The problem =>
Starting at the line with "Ma-Cabane - Location" and going on through the line with "Хетчбек BMW 1 Series 2004 в Новомосковську", reproduce each line in the records below exactly and nothing more.

━━ Available data ━━

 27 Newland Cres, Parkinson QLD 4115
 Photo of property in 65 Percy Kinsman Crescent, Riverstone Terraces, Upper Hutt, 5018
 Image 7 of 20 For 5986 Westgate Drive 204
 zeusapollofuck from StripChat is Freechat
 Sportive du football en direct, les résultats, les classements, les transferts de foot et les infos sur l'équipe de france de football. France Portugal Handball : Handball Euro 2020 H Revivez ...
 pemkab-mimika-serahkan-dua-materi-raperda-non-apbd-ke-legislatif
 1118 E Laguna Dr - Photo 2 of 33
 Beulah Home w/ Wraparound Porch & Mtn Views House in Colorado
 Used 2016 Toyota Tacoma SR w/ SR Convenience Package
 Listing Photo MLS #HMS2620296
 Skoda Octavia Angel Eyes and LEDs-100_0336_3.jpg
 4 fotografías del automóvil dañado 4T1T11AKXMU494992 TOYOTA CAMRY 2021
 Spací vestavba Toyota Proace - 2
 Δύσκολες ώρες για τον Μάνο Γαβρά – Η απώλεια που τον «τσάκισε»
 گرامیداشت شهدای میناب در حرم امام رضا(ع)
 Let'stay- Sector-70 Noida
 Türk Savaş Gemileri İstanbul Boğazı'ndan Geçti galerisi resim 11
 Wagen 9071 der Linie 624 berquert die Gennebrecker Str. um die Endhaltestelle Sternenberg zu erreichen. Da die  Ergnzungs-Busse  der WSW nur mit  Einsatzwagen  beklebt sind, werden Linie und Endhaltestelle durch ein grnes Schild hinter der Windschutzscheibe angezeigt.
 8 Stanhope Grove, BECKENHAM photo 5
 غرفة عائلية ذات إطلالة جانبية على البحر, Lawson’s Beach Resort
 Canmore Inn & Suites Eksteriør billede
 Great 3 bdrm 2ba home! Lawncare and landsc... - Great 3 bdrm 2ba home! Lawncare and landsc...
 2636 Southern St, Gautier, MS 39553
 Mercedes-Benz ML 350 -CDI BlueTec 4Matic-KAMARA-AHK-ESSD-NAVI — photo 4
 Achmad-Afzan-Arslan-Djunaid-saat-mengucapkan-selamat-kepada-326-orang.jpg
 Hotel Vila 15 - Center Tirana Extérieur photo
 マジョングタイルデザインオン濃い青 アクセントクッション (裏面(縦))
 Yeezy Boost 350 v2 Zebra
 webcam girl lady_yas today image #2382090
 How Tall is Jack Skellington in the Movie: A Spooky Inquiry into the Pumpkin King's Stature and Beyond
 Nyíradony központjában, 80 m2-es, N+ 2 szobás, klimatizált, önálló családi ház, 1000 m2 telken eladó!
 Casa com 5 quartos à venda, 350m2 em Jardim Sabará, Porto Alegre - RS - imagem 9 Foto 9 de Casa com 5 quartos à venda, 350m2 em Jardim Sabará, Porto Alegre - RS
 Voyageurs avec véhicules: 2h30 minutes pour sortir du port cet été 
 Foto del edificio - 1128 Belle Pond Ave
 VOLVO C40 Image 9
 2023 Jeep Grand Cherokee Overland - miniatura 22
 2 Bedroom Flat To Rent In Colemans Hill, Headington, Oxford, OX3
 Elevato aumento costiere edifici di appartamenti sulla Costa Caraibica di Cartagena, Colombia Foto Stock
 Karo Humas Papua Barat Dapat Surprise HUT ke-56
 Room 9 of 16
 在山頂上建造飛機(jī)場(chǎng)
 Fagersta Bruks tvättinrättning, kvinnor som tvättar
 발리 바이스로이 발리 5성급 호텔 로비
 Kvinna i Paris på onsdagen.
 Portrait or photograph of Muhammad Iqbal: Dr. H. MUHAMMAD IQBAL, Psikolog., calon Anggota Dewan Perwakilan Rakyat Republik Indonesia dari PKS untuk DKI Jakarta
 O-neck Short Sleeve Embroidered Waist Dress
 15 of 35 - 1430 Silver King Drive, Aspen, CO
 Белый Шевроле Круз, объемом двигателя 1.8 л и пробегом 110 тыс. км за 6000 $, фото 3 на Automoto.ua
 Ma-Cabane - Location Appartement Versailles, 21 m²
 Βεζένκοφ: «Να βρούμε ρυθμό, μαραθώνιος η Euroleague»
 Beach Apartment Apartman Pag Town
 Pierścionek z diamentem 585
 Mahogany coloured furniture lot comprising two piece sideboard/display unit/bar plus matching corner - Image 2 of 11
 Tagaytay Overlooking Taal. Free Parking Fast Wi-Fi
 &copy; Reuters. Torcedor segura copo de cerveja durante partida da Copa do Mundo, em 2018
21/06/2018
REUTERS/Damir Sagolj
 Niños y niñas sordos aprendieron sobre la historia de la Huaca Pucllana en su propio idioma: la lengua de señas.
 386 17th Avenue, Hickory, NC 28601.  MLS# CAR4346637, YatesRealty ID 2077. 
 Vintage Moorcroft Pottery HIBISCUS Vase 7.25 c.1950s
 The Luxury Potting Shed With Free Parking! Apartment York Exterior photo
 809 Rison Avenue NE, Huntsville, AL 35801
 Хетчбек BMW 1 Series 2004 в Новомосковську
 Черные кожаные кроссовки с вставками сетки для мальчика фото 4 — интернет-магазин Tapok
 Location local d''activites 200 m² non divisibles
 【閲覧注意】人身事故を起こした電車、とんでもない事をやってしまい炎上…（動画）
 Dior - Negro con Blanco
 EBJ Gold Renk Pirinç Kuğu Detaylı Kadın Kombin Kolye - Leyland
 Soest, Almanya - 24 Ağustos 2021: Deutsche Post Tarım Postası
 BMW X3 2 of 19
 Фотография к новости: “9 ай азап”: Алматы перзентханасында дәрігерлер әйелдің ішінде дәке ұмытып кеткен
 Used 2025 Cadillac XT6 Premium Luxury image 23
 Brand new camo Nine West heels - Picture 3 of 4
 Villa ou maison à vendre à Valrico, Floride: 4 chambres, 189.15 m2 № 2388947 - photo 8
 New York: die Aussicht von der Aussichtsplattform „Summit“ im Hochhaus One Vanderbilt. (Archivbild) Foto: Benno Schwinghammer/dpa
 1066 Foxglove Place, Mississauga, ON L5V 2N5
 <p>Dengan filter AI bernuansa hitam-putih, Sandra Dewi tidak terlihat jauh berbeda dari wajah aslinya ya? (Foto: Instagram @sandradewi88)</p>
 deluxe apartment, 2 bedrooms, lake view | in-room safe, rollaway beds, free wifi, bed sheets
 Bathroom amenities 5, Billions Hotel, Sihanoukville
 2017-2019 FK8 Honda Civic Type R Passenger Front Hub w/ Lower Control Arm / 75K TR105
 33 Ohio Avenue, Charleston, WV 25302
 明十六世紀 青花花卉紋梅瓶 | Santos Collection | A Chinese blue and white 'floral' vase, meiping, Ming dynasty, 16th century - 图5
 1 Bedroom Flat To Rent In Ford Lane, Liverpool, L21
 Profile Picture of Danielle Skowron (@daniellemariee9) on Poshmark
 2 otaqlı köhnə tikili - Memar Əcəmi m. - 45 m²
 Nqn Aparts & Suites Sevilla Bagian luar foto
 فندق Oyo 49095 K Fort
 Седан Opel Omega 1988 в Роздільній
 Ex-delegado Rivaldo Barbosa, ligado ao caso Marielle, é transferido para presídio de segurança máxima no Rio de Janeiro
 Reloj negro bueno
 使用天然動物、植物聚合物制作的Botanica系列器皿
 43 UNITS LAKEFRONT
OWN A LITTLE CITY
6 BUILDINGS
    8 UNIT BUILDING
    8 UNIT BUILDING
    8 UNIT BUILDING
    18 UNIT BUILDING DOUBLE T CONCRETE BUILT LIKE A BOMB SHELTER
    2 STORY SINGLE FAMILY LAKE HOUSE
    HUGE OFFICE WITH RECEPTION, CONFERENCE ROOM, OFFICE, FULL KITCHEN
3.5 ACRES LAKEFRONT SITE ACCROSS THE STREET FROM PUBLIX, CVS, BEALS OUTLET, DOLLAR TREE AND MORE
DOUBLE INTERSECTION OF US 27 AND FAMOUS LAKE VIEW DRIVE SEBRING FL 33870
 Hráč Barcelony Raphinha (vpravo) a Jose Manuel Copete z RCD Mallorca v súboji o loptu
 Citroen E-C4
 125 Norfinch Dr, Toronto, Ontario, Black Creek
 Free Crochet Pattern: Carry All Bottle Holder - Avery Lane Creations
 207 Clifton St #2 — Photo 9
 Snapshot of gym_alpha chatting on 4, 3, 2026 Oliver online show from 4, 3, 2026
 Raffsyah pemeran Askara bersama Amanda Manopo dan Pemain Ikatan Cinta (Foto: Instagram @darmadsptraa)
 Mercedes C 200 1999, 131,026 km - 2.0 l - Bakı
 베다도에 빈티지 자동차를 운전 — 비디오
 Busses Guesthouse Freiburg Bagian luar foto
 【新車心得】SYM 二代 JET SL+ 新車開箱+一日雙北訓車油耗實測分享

━━━

Answer section =>
 Ma-Cabane - Location Appartement Versailles, 21 m²
 Βεζένκοφ: «Να βρούμε ρυθμό, μαραθώνιος η Euroleague»
 Beach Apartment Apartman Pag Town
 Pierścionek z diamentem 585
 Mahogany coloured furniture lot comprising two piece sideboard/display unit/bar plus matching corner - Image 2 of 11
 Tagaytay Overlooking Taal. Free Parking Fast Wi-Fi
 &copy; Reuters. Torcedor segura copo de cerveja durante partida da Copa do Mundo, em 2018
21/06/2018
REUTERS/Damir Sagolj
 Niños y niñas sordos aprendieron sobre la historia de la Huaca Pucllana en su propio idioma: la lengua de señas.
 386 17th Avenue, Hickory, NC 28601.  MLS# CAR4346637, YatesRealty ID 2077. 
 Vintage Moorcroft Pottery HIBISCUS Vase 7.25 c.1950s
 The Luxury Potting Shed With Free Parking! Apartment York Exterior photo
 809 Rison Avenue NE, Huntsville, AL 35801
 Хетчбек BMW 1 Series 2004 в Новомосковську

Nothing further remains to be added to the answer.